As an OUT gay man, people are often curious about the community and my life. This leads to a lot of interesting and quite uncomfortable questions. Now I understand that sometimes it can be unclear as to what's an acceptable question to ask and sometimes people are just plain curious. No matter what the situation is, I am here to bring you up to speed on some things that you might want to stop asking the gay men in your lives. These are questions that I personally dislike being asked, but I'm sure many can relate too.
1. Who is the male and who is the female in the relationship?
This is a question that you should never ask any member of the LGBTQ community. Gender and sexuality are both very open ended and this is a question that can be seen as offensive. No one needs to specify who wears a "dress" in the relationship and who wears a "suit"...hence the whole same-sex relationship part. This is frustrating because television and movies portray gay male relationships in relation to the standard male-female heterosexual gender roles. This is not a reality as gay men are all different and should not be stereotyped into a male or female role.
2. Are you sure you're really gay?
Every time someone finds out that I'm gay they always ask this question. Or they say "How can you know if you're gay, if you've never been with a girl". Regardless, being able to comfortably be yourself can be a challenge within itself, once you get there you really don't want people constantly questioning your sexuality. If the shoe was on the other foot, would you be comfortable with someone questioning who you were attractive too?
3. Who proposes?
This is a question that my boyfriend was asked. For some, this question is simply out of curiosity but for others, it can be seen as another way of putting gay men into society's gender norms. I answer this question simply, whoever feels that it's the right time should propose, it should not be subjected that one person must propose.
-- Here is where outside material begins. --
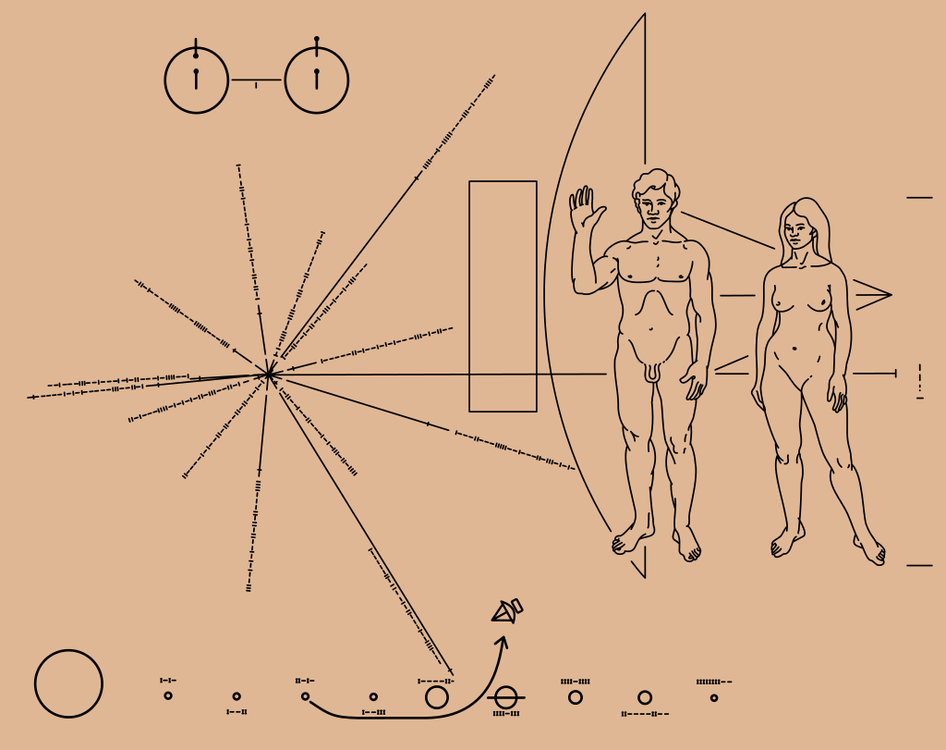 1024px-Pioneer_plaque.svg.png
4. When did you know you were gay?
Well, when did you know you were straight? Being gay is not something that you wake up one morning and decide to be. There are things that we have to experience that make us very strong individuals. I was born this way and I don't think I need to be questioned on when I knew I was gay. The answer is, I've always been gay, it's a part of who I am but there's more to me than who I am attracted too.
5. Would you consider yourself a masculine or feminine gay man?
Everyone should stop asking this question immediately..once again there is this stereotype that gay men are only one thing. We are all different some are more masculine, some are feminine, some are tall, some are short...regardless we are all human and should not have to choose a box to label ourselves. I do not label myself as anything, I am a gay man who portrays traits of both masculinity and femininity. When people ask me this question, I leave it up to them to figure it out, I don't like fitting myself into one category because I'm a human and I will continue to evolve.
These are my top five questions that I don't like being asked, but everyone is different. Sexuality can be a sensitive subject for some, so it's important to be mindful of the things you ask and how you ask them.